A: An XML data island is a fragment of well-formed (and perhaps valid) XML on an HTML page. It's very easy to create and access this data, although I found it quite difficult to accomplish validation against an XML schema. This was probably due more to the fact that I was learning about namespaces, schemas, and validation for the first time during this exercise, rather than any inherent difficulty with data islands. I can't be sure how difficult it would have been if I had been a schema definition expert.

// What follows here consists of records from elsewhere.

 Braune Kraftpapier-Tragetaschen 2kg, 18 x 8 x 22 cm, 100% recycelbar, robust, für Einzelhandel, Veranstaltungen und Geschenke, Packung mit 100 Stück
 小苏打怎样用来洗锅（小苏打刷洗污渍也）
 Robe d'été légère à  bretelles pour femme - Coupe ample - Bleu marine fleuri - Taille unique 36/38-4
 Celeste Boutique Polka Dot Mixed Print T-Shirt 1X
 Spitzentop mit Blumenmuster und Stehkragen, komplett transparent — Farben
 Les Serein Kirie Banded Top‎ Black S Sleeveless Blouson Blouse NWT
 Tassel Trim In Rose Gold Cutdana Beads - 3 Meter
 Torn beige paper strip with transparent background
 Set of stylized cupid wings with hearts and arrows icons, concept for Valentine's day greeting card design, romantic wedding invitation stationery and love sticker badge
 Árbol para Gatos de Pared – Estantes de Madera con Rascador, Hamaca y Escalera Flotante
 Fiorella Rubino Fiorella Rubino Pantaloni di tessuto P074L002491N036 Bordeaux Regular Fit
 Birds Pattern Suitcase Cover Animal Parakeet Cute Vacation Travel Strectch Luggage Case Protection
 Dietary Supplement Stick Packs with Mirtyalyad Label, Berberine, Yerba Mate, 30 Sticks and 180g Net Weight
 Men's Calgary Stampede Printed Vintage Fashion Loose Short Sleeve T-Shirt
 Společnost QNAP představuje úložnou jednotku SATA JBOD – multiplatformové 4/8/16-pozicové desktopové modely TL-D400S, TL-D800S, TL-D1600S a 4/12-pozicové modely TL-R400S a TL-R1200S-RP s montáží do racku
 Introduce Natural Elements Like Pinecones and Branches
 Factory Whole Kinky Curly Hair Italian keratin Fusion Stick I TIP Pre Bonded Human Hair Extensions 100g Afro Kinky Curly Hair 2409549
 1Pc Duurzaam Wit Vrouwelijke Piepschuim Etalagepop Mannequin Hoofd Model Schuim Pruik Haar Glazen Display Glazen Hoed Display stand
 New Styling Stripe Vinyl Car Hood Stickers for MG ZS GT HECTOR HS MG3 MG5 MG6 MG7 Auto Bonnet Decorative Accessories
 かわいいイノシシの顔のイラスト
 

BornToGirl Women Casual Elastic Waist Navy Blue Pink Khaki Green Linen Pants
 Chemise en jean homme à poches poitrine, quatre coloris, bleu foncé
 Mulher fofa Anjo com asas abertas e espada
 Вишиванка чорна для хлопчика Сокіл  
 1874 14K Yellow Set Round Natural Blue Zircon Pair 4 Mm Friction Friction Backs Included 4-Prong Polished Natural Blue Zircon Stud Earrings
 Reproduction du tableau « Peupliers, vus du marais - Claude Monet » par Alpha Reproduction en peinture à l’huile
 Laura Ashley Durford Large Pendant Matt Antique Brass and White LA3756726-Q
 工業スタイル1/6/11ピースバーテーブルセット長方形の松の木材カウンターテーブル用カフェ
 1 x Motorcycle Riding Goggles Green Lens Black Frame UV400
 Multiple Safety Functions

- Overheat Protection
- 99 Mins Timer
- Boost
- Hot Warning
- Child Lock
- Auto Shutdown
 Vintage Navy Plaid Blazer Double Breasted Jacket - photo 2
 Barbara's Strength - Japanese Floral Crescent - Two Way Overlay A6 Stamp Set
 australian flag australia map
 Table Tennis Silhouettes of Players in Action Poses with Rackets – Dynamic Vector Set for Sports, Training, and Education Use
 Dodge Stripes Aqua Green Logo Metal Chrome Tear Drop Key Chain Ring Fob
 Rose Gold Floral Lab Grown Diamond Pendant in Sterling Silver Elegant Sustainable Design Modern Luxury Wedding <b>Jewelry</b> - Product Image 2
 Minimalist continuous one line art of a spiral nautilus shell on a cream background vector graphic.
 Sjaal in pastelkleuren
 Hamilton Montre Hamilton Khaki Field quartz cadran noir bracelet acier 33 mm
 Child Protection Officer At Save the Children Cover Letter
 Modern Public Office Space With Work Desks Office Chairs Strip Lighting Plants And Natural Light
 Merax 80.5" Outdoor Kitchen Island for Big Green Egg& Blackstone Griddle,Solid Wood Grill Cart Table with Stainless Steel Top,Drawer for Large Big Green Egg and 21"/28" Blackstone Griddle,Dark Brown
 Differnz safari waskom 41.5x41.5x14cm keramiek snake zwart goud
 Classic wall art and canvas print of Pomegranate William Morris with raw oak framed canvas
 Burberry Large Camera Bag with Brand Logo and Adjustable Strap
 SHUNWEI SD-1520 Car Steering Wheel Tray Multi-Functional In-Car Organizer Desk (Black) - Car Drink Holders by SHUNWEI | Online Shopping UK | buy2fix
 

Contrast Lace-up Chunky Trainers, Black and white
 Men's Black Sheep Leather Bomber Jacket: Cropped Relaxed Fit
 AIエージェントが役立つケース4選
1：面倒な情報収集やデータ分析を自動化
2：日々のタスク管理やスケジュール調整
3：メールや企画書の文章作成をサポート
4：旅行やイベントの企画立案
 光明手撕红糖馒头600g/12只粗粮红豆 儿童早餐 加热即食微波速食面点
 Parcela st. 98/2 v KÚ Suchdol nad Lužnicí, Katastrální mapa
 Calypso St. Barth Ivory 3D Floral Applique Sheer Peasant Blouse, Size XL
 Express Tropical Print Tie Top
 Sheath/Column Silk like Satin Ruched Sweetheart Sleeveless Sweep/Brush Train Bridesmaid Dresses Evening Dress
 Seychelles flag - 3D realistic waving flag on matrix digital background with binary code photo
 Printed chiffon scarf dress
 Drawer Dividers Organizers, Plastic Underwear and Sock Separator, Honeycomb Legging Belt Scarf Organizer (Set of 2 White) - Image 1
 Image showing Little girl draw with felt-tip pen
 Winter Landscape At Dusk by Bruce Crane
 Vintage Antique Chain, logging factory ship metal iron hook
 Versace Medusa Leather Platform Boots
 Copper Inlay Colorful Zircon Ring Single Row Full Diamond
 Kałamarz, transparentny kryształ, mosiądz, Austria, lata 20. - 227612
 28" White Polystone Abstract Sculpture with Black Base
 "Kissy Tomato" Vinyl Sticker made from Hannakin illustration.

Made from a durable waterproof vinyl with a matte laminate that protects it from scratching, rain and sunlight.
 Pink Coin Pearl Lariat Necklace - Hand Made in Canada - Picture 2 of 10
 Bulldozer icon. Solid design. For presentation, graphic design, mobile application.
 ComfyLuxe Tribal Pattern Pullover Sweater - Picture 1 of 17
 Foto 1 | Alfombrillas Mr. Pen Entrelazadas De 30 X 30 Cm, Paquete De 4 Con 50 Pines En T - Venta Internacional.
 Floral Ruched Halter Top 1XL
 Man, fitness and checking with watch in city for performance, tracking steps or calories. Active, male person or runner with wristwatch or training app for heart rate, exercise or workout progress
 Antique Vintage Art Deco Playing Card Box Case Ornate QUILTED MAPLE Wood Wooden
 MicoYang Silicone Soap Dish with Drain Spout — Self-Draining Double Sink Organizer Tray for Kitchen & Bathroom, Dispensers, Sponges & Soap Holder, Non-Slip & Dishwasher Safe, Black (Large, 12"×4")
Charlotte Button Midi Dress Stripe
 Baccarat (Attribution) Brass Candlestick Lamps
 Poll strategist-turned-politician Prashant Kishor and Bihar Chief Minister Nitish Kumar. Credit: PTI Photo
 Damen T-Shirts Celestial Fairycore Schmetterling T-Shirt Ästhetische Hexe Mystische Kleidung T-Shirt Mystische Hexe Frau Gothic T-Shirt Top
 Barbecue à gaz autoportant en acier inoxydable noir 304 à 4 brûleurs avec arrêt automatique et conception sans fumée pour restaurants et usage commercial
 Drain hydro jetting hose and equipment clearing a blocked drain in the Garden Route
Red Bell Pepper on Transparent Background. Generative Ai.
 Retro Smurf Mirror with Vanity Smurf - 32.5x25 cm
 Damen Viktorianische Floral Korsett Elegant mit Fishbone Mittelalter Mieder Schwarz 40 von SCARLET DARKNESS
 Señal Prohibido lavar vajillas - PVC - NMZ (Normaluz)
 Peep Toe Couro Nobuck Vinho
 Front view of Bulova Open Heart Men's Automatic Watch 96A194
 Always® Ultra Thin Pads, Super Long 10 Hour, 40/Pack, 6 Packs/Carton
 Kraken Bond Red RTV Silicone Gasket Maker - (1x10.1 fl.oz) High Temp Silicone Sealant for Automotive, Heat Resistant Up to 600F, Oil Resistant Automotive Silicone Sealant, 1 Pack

For the purpose of this blurb, I'll be using the so-called W3C XML Schema 1.1* (May 2001). Note that this was (at the time of writing, 2003) the most modern schema definition mechanism, as opposed to the two other commonly used systems: DTD and a stillborn Microsoft device. There are numerous articles on the web which compare these three systems, and there are also several other fringe systems, but without going into too much detail, suffice it to say that the W3C XML Schema definition language is the most comprehensive and capable. An official overview of it is available in this primer
In the example case, a website contains pages in which a subset of a large database is displayed, but individual items within the subset may be used on the page many times. It may be possible to reduce the size of the page downloads through normalization—sending only a single copy of the data items (which I'll call the minibase), and then using a client-side script such as java to build the final page from the minibase. As a bonus, processing cycles are also distributed away from the server to the clients. Rather than spending time formatting HTML, the server now just analyzes the data dependencies for a particular page, removes duplicates from the list, and prepares the minibase, an XML data island containing just the data that the client will need to build the page.
Typically, the client-side script would not be subject to change as the minibase chages, so isolating that code as a <script> element with an external source would reduce download size even more.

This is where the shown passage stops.